С другой стороны, после этого он обращает критический взор на своего учителя – Платона и на воззрения пифагорейцев об идеальном состоянии природы. С помощью подхода, который впоследствии стал стандартным для философских споров, Аристотель изучает и интегрирует материалистический и идеалистический подходы и лишь затем вводит свое собственное определение субстанции, лежащей в основе того, что более поздняя традиция назвала «метафизикой».

Работа Теофраста наглядно демонстрирует бедность наших знаний о философской Античности. Труд Теофраста «О физических мнениях» состоял из 18 томов и был основным источником знаний о прошлом доскоратической мысли. Однако от него остался лишь один фрагмент труда «Об ощущениях», по которому можно представить себе, насколько подробно в этом труде обсуждалась природа чувств у Эмпедокла, Анаксагора, Демокрита и Платона.

Ситуация с остатками литературной традиции Античности печальна. Как мы знаем, архив древних текстов был во многом утрачен, к примеру, когда толпа разъяренных христиан разрушила величайшую библиотеку классического мира в Александрии в конце III века н. э. Все, что у нас осталось, – это лишь разрозненные фрагменты знаний, представить весь объем которых целиком вряд ли нам по силам. Это чем-то напоминает попытки представить себе все богатство Британской библиотеки, имея перед глазами сотню книг серии «Penguin Classics» в бумажных обложках.
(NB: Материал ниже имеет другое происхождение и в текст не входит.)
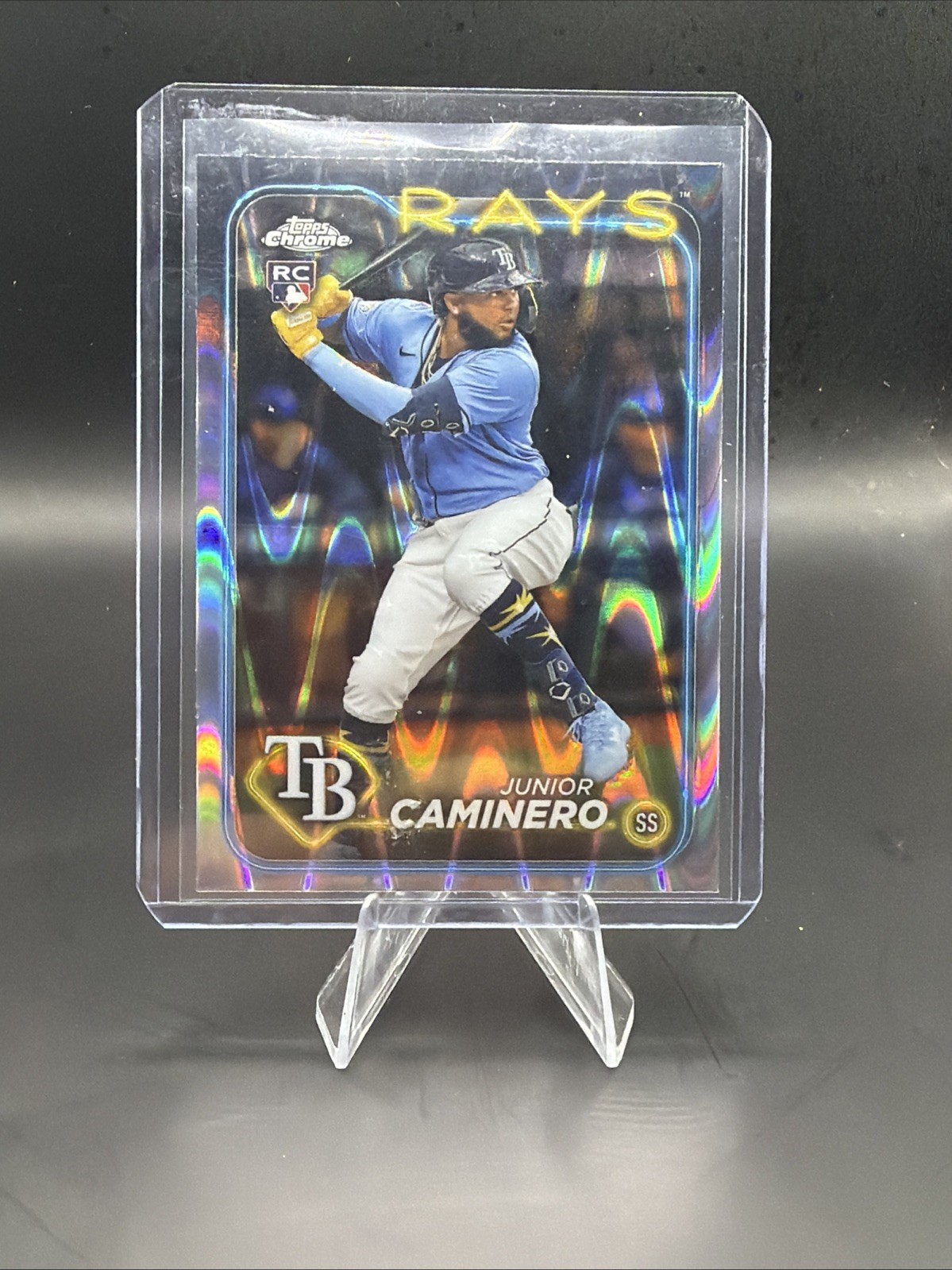 2024 Topps Chrome - Junior Caminero #213 RayWave Refractor (RC)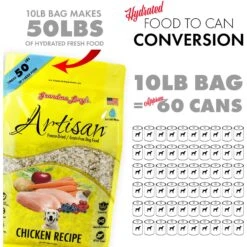 Grandma Lucy's Artisan Chicken Grain-Free Freeze-Dried Dog Food 18 Grandma Lucy's Artisan Chicken Grain-Free Freeze-Dried Dog Food -Snuggle Paws 51342 PT7. AC SS1800 V1676648451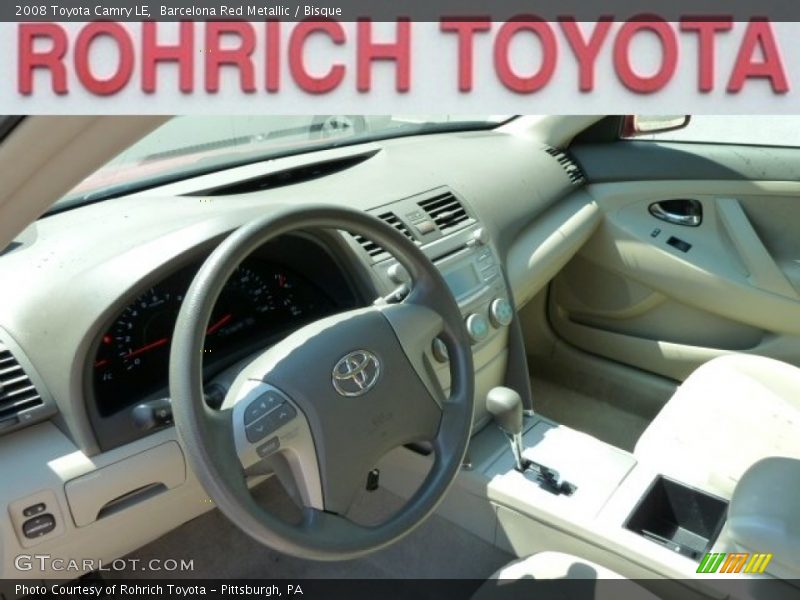 Barcelona Red Metallic / Bisque 2008 Toyota Camry LE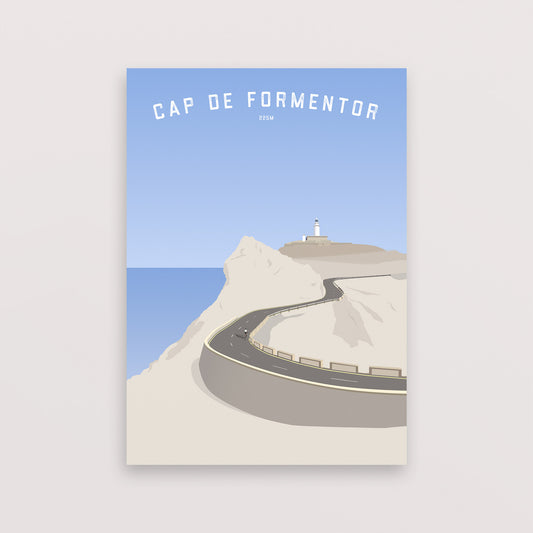 Cap de Formentor – Poster – The English Cyclist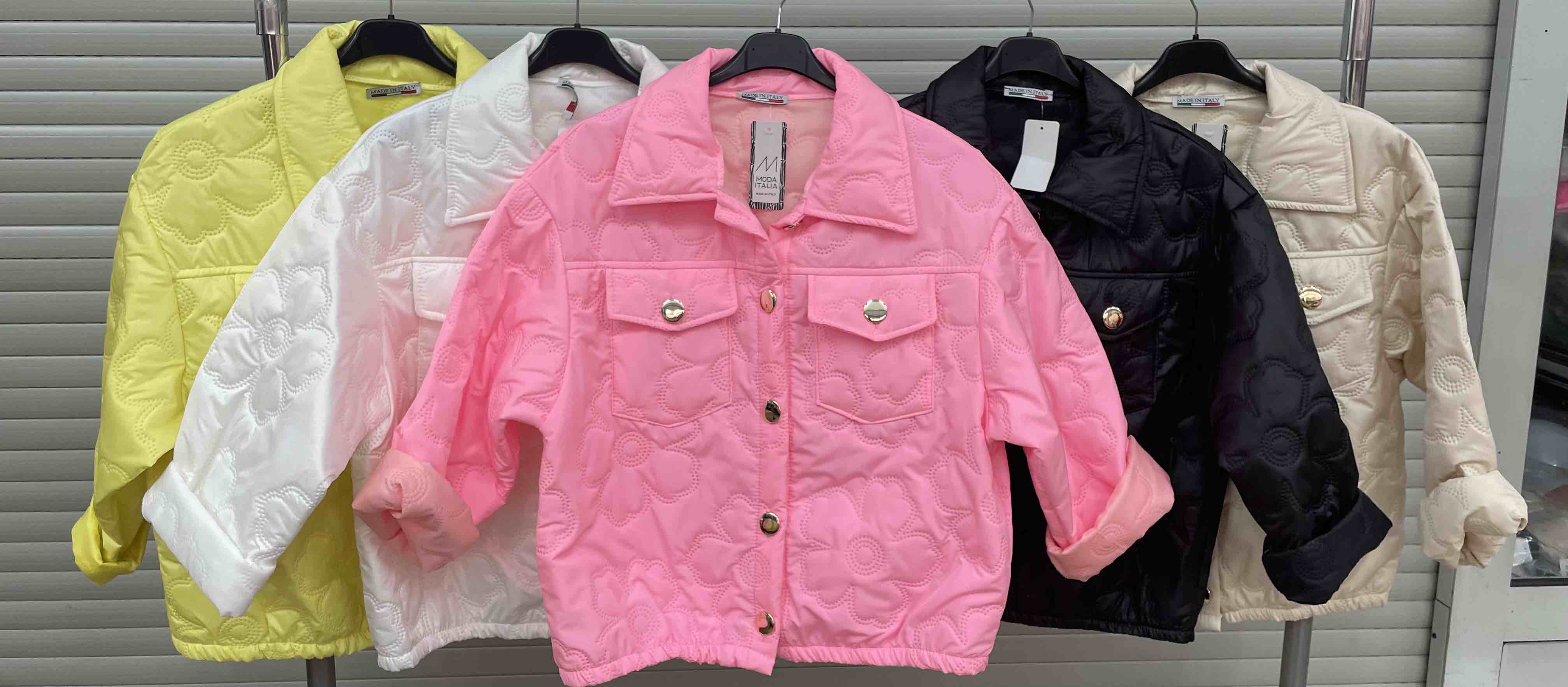 Kurtki Damskie  WŁOSKA  , Size uni, paczka 6szt ,mix kolor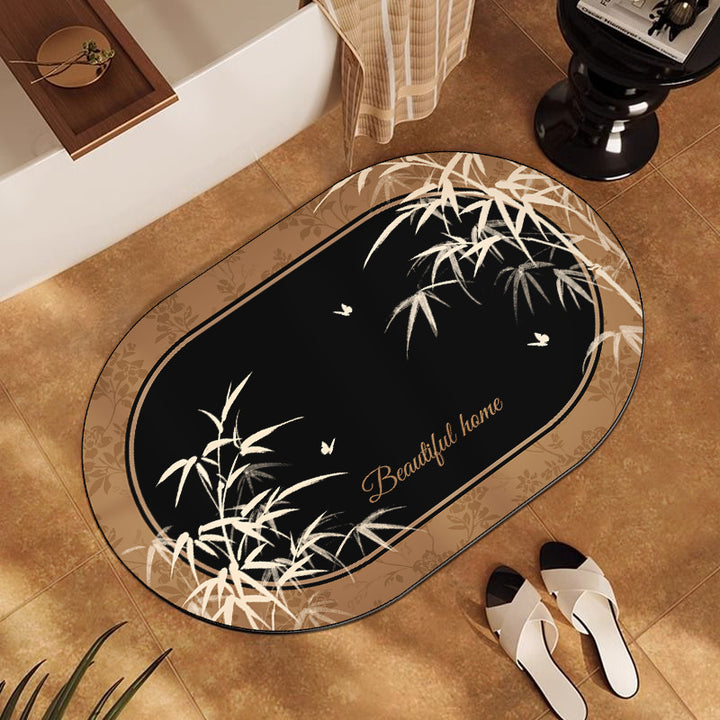 Floral Print Indoor Area Mat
В этой книге я уделяю больше внимания тому, что представители древней философии называли «доксографией», то есть описанию жизни философов, мнению об их принципах, и иногда – их смерти. Слово «doxa» может значить не только «мнение» (как в самом распространенном смысле), но и «репутация», то есть мнение об одном человеке, представленное другими. Вследствие высокой важности репутации (особенно посмертной) в греческой культуре понятие «doxa» может включать в себя «отличную репутацию» или даже «славу». Последнее является ключевой концепцией для греков, убежденных в том, что бессмертие человека заключается в известности его репутации, в историях, рассказываемых после его смерти.
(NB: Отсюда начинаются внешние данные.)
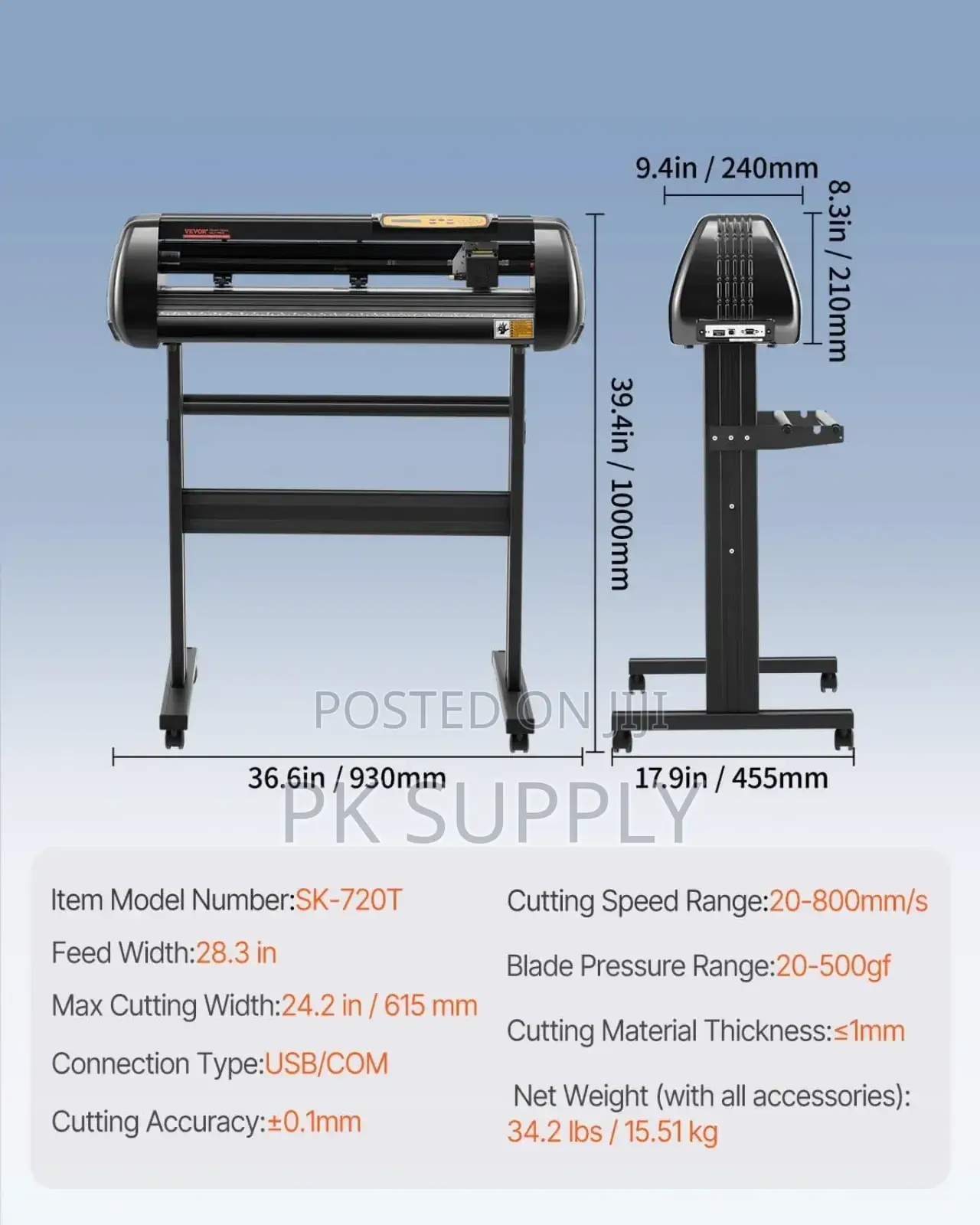 Cutting Plotter Vinyle Cutting Machine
Доксография, понимаемая в этом широком смысле – который, должен признаться, иногда кажется довольно странным, – может восприниматься как описание выдающихся репутаций философов, а доксографами могут считаться люди, создававшие биографии этих выдающихся фигур. И в этом плане концепция доксографии может считаться родственной концепции агиографии. Интересно наблюдать, насколько сильно описание жизни философов, от Сократа до Спинозы и от Юма до Витгенштейна, напоминает описание жизни святых. Основное различие состоит в том, что философы примечательны не своей святостью, а тем, каким образом они демонстрируют свои сильные стороны и слабости. Жизни философов зачастую вовсе не наполнены святостью, что и влечет нас к ним. Мы знаем о множестве странностей в жизни философов: пристрастие Гоббса к игре в теннис и пению в спальне, любовь Канта к английскому сыру и его боязнь потоотделения, а также карбункулы Маркса.

В своей книге я хочу показать, что историю философии можно рассматривать как историю философов, сопровождаемую хорошо запоминающимися примерами – иногда благородными и добродетельными, а иногда приземленными и комичными. Как мы увидим ниже, то, как философы умирают, очеловечивает их и показывает, что, несмотря на все богатство интеллекта, им (как и всем нам) приходилось иметь дело с теми картами, которые сдает жизнь.

«Доксография» – это неологизм, созданный немецким ученым Германом Дильсом, чей монументальный синтез греческой философской биографии был опубликован на латыни в 1879 году под названием «Doxographi Graeci». Однако, по вполне достаточно условным историческим причинам, нашим главным проводником в «доксографическом» подходе к истории философии, особенно в отношении смертей философов, станет Диоген Лаэртский, живший в III в. н. э.